1) No se necesita mucha agudeza política para darse cuenta que los venezolanos estamos transitando por un campo minado. Hay cargas explosivas provenientes de la situación económica, concretamente de todo cuanto tiene que ver con el angustioso tema del desabastecimiento y el costo de vida, que tensa situación social; y, por otro lado, los movimientos de sectores de la oposición donde crece la angustia porque sus cálculos para salir de Nicolás Maduro y del chavismo no se dan. Para el Gobierno nacional el reto es ineludible. Incluso simple: o abastece los anaqueles con comida y artículos de primer necesidad, así como con los medicamentos que necesita con urgencia la población, o se verá precisado a extremar las medidas de emergencia para garantizar el orden público. Camino éste no recomendable por las complicaciones que genera. Con la dirección opositora pasa otro tanto: o controla los nervios y coge mínimo o termina repitiendo los errores de siempre. Que no son otros que los que desata la desesperación que conduce a incurrir en episodio de violencia como el 11-A, el paro petrolero y las guarimbas.
2) No es fácil sortear la actual situación. Extremadamente complicada por los numerosos factores que confluyen en ella. El más inquietante quizá sea la ingerencia extranjera y, más concretamente, del Gobierno de EE UU a través de sus organismos de seguridad e inteligencia. Los cuales, en el viraje que Obama le ha dado a su política exterior adquieren influencia determinante. Hay algo que cabe destacar: la oposición, por ejemplo, no tuvo capacidad democrática para digerir la victoria electoral del 6 de diciembre del año pasado. La sobrevaloró y llegó a considerar que estaba a las puertas del poder. Esa evaluación equivocada fue lo que llevó a un político veterano como Henry Ramos Allup a pronosticar, en la sesión de instalación de la Asamblea Nacional, que en seis meses Maduro saldría de la Presidencia, y a que la oposición en general considerara que el nuevo Legislativo era una especie de superpoder que le permitía competir, de quien a quien, con otros poderes del Estado.

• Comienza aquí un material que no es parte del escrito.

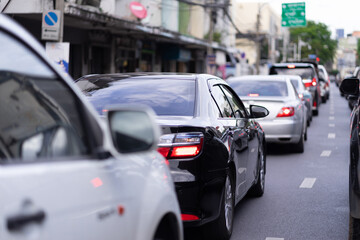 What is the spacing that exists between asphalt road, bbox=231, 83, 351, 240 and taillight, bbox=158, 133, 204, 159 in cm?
133

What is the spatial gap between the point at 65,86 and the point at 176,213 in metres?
1.18

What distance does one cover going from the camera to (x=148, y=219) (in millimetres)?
2939

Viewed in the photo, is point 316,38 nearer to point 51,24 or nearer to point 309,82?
point 309,82

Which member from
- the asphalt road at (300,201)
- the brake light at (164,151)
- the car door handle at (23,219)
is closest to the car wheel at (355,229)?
the asphalt road at (300,201)

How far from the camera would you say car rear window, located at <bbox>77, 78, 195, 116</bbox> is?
222 inches

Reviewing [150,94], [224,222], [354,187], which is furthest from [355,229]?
[150,94]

3) Para el gobierno constitucional el desafío era inaceptable. No reaccionar significaba sucumbir. Por tanto, no tuvo otra alternativa que aceptar el reto y responder reivindicando sus atribuciones constitucionales. Hay que entender lo que ocurrió, que explica los desarrollos posteriores de la política: La radicalización de las posiciones y la polarización. En el marco de impedir la caotización, ¿qué correspondía hacer? Aprovechar la mediación de Unasur y la participación de personalidades confiables —Zapatero, Fernández y Torrijos— para rescatar el diálogo del rincón en que estaba confinado. Esto lo planteó Maduro desde que accedió a la Presidencia. Pero sin éxito. Ahora lo actualiza con el propósito de sacar el debate de la charca de la polarización y abrir una vía hacia la racionalidad. De nuevo la oposición rechazó el llamado condicionando el diálogo con iniciativas inaceptables, actitud que es producto del temor que tiene su liderazgo a los radicales que chantajean y consideran que cualquier contacto con el chavismo es una traición. Por eso la negativa de Ramos Allup a dialogar, insólita en un dirigente político, y, además, presidente de un Poder del Estado como la AN.
4) En estos momentos las perspectivas del país no cambian por culpa de una oposición que cada día se aparta más del camino institucional y democrático. La posible frustración del revocatorio por culpa propia; por recurrir a insólitos extravíos que no se sabe si son deliberados o consecuencia directa de las pugnas y desorganización imperantes en su seno, impide acceder al diálogo que los venezolanos reclaman. Igual pasa con la insensata propuesta de aplicar en la OEA a Venezuela la Carta Democrática, que no es otra cosa que el aval que necesita una intervención foránea que, ineluctablemente, conduce a la violencia. Razón por la cual el dilema es claro: o se dialoga o la violencia se apodera del país. Pero el diálogo se impondrá. Como se impuso en la OEA, dejando con los crespos hechos a la oposición aventurera.